Stagflation ist das Modethema dieser Tage. Weltweit steigt die Inflation. Bei den Verbraucherpreisen hat sie sich binnen Jahresfrist auf fast 4 Prozent verdoppelt, und die Explosion der Rohstoffpreise könnte ein Zeichen dafür sein, dass die Flucht in Sachwerte, also die Flucht vor der Geldentwertung, in vollem Gange ist. Gleichzeitig gibt es immer mehr Anzeichen, dass sich das Wirtschaftswachstum abschwächt, global von 5 Prozent im Jahr 2006 auf knapp 4 Prozent in diesem Jahr. Steigende Inflation und stagnierender Output ergeben Stagflation.

Das ist das Schlimmste, was Notenbanken passieren kann: Weil die Inflation so hoch ist, können sie sich nicht leisten, die Nachfrage und damit das Wachstum durch niedrigere Zinsen zu stimulieren. Konflikte mit den jeweiligen Regierungen sind vorprogrammiert. Tun sie es dennoch, könnten die Inflationserwartungen nachhaltig anziehen, was die Prämien für das gestiegene Inflationsrisiko und damit die Anleiherenditen in die Höhe treibt. Das ist wiederum schlecht für das Wachstum. Die Aktienmärkte leiden ebenfalls, weil sie einerseits mit den (dann fallenden) Rentenkursen korreliert sind, und weil sich andererseits die Gewinnaussichten durch das schwächere Wachstum eintrüben. Das kann nicht gut für die Investitionstätigkeit sein.

Erhöhen die Notenbanken dagegen die Zinsen, verliert die Wirtschaft noch mehr an Dynamik. Sie könnte in eine Rezession abgleiten, was besonders dann wehtut, wenn die Arbeitslosigkeit bereits hoch ist. Folgt die Stagflation auf eine längere Periode robusten Wachstums, haben die Arbeitnehmer noch eine gute Verhandlungsposition und können Lohnerhöhungen durchsetzen, die über das Produkt von unvermeidlicher Inflation und Produktivitätswachstum hinausgehen und damit die Inflation weiter antreiben. Das provoziert weitere Zinserhöhungen – so geschehen in den siebziger Jahren.

Löhne, Inflation und Notenbankzins in Deutschland seit 1960

Wie sieht es heute aus? Für die Weltwirtschaft insgesamt ist trotz der Probleme in den USA keine echte Stagnation in Sicht, weil die Dynamik der Schwellenländer ungebrochen ist.

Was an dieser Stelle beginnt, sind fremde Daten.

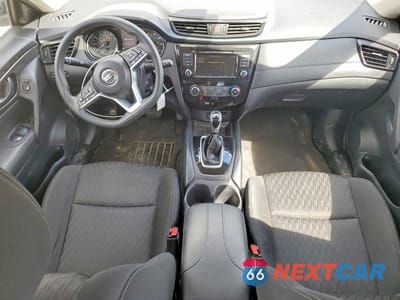 Zdjęcie 8 z 12 samochodu: 2019 NISSAN ROGUE S VIN:KNMAT2MV8KP517828 - miniatura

Das ist meiner Meinung nach auch der wichtigste Grund für die Explosion der Rohstoffpreise. Große Länder wie China, Indien, Brasilien und Russland haben einen immensen Nachholbedarf an Infrastruktur, an Autos, anderen langlebigen Konsumgütern und Wohnungen, allesamt rohstoff- und energieintensive Produkte, und sie haben neuerdings die finanziellen Mittel, sich diese Bedürfnisse zu erfüllen. Die starke Nachfrage nach Rohstoffen trifft auf ein ziemlich unelastisches Angebot, weil die Produzenten bislang nicht davon ausgehen, dass diese Nachfragedynamik anhalten wird. Gibt es nicht so etwas wie einen Schweinezyklus, und folgt auf einen Preisboom nicht stets ein Einbruch der Preise? Warum viel Geld ausgeben für neue Produktionsfazilitäten, wenn die Gewinne auch ohne mehr Produktion kräftig steigen?

Erölpreis in Dollar und Euro seit 1980

Rohstoffpreise ohne Erdöl seit 1980

Aber was hat eigentlich eine Erhöhung der Rohstoffpreise mit einem allgemeinen Anziehen der Inflation zu tun? Ändern sich die relativen Preise nicht ständig, ohne dass wir uns Sorgen um die Inflation machen müssten? Telefonate und Fernreisen werden nicht nur relativ sondern auch absolut immer billiger, Heizung und medizinische Dienstleistungen immer teurer, so what? Wirklich ernst wird es nur, wenn das Preisniveau insgesamt immer rascher steigt.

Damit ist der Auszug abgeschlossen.